愛してるの言葉だけで。




「圭兄は姉貴のことを忘れないで生きればいいんだよ!姉貴の死を後悔するんじゃなくて、姉貴の死を克てとして生きて行けばいい!」



洋子を忘れずに…


洋子の死を後悔するんじゃなくて、

洋子の死を克てにして生きる…?



優斗はたいしたやつだ。


俺が欲しかった答えを言いやがった。



俺は人を殴って痛んだ拳を見た。


俺はもう、この拳を人を傷つけるために使わねぇ。

大切な人を守るために、この拳を使う。




俺は傷ついた拳を優人に向けた。



「優斗…サンキューな。お前のおかげで目が覚めた…俺は、洋子のために生きる」


「…うん!」



そう痛んだ拳に誓った春休み。


俺は洋子の分も生きる。


気合いたっぷりで向かった高校に、まさか洋子にそっくりなやつがいるとは思わなかった。



だから、俺は授業をサボりがちになった。


横を見れば、そこに洋子がいるんだから…


過去の記憶がフラッシュバックするんだ。


だから、俺は洋子にそっくりな坂井を自分なりに避けていた。




──────
─────────


気づけば俺は洋子のそっくりさんに全てを話していた。


…本当にそっくだ。


ほら、そうやって人の話を聞いただけで感動し涙を流すところとか。



「俺は洋子とのことがあって人と関わることが怖いんだ…」



どうしてだろ…

坂井には包み隠さずに全て話せる。

やっぱり洋子に似てるから?



「大丈夫だよ。きっと大丈夫…。みんな、洋子さんみたいにいなくならないよ?大丈夫、大丈夫…」



不思議だ。

こいつが大丈夫だと言うと、本当に大丈夫のような気がする。


──ドキッ…


何を思ったか、坂井が俺の手を握り、


「少しずつ頑張ろう?」


と言った。



少しずつか……

大丈夫か?

いや、きっと大丈夫なんだよ。



少しずつ前に進めば。

この手を信じていれば……



洋子…

見ててくれよ…



俺、がんばるから。




第四章:仲間と幸せな時間




私に仲間をくれたのは

あなた……


幸せな時間をくれるのも

あなた……






私は最近、新しく友達ができました。


新井くん、聖也くん…


それから、斎藤未央ちゃんという私の前の席の子。


未央ちゃんが「夏希ちゃん、友達になろうっ?」と言ってきたことが始まり。


それはそれは、もう…嬉しかった。


言葉にならないぐらい。



そして、あれから新井くんは合唱コンクールの練習にもちゃんと参加していて、聖也くん達と仲良くなったみたいだった。
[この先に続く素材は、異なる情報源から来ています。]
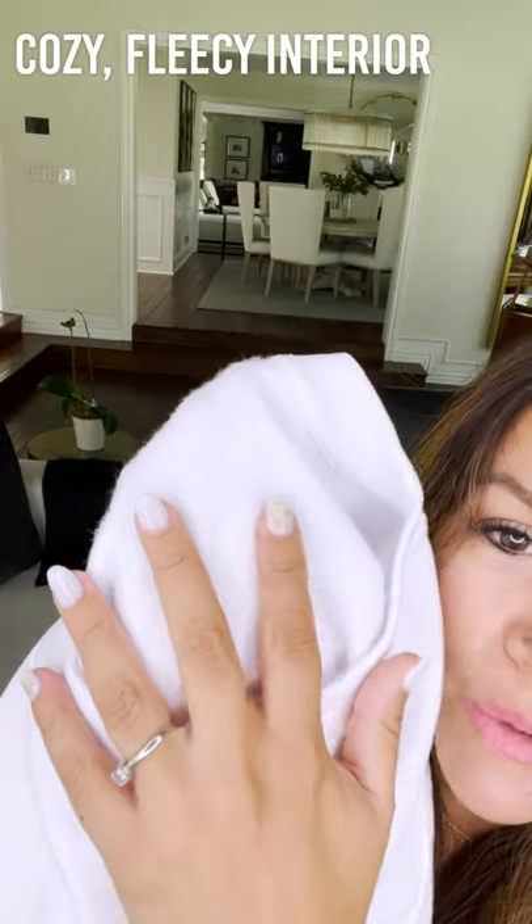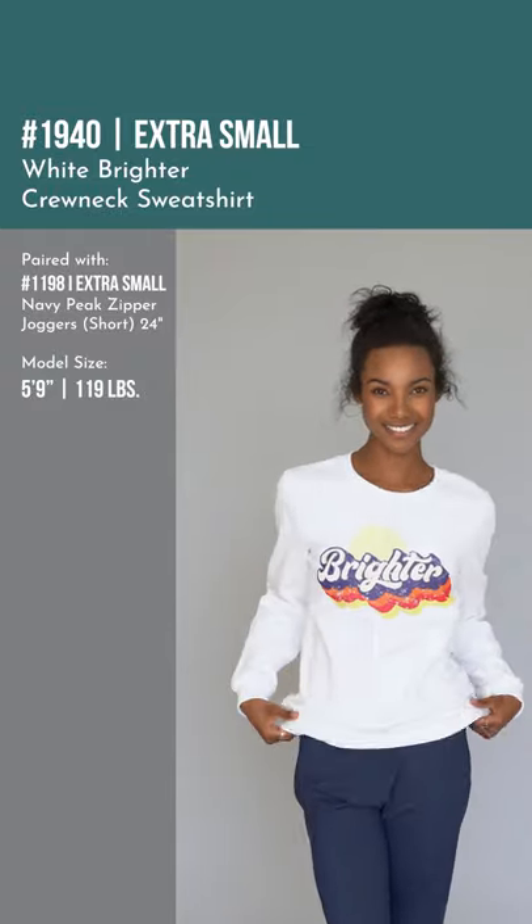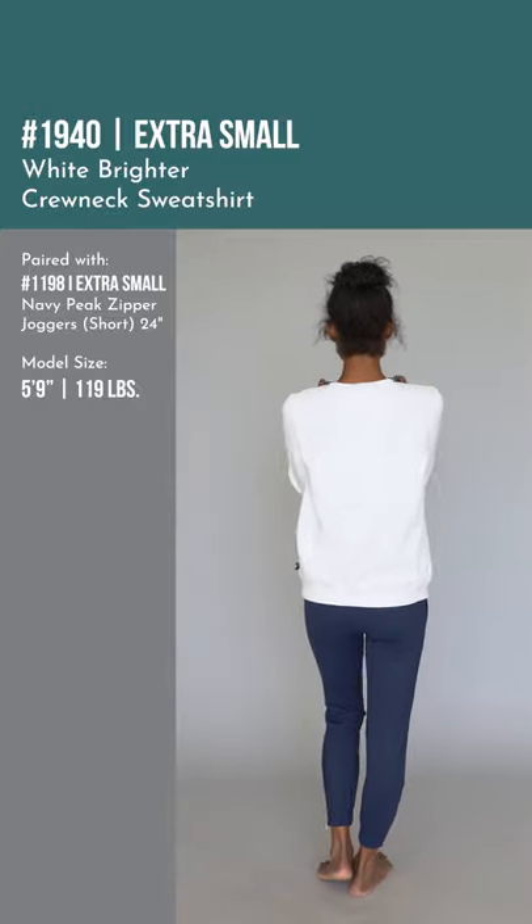Here's the brighter crewneck sweater — so fun to have a hoodie option, but for those who love crew necks, here is the option. I haven't put it on yet because I want to show you a close-up of the inside first. See, it has that super nice, soft, comfy material on the inside. I love it, so let me put it on really quick so you can see it.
そんな新井くんを見て私はホッとしたような、なんか嬉しい気持ちになった。



「ちゃんと救えたんだな!」


「みたいだね…」



私は机に置いた日記帳にペンを滑らせながら幸信に答えた。


幸信が選んでくれた日記帳…


"あの日"からちゃんと毎日欠かさず書いてるんだよ。



「なになに…」


「あっ!ちょっと見ないでよ」



幸信は「ちょっとぐらいいいじゃん」と言ってすねてたけど、絶対に幸信だけには見せない。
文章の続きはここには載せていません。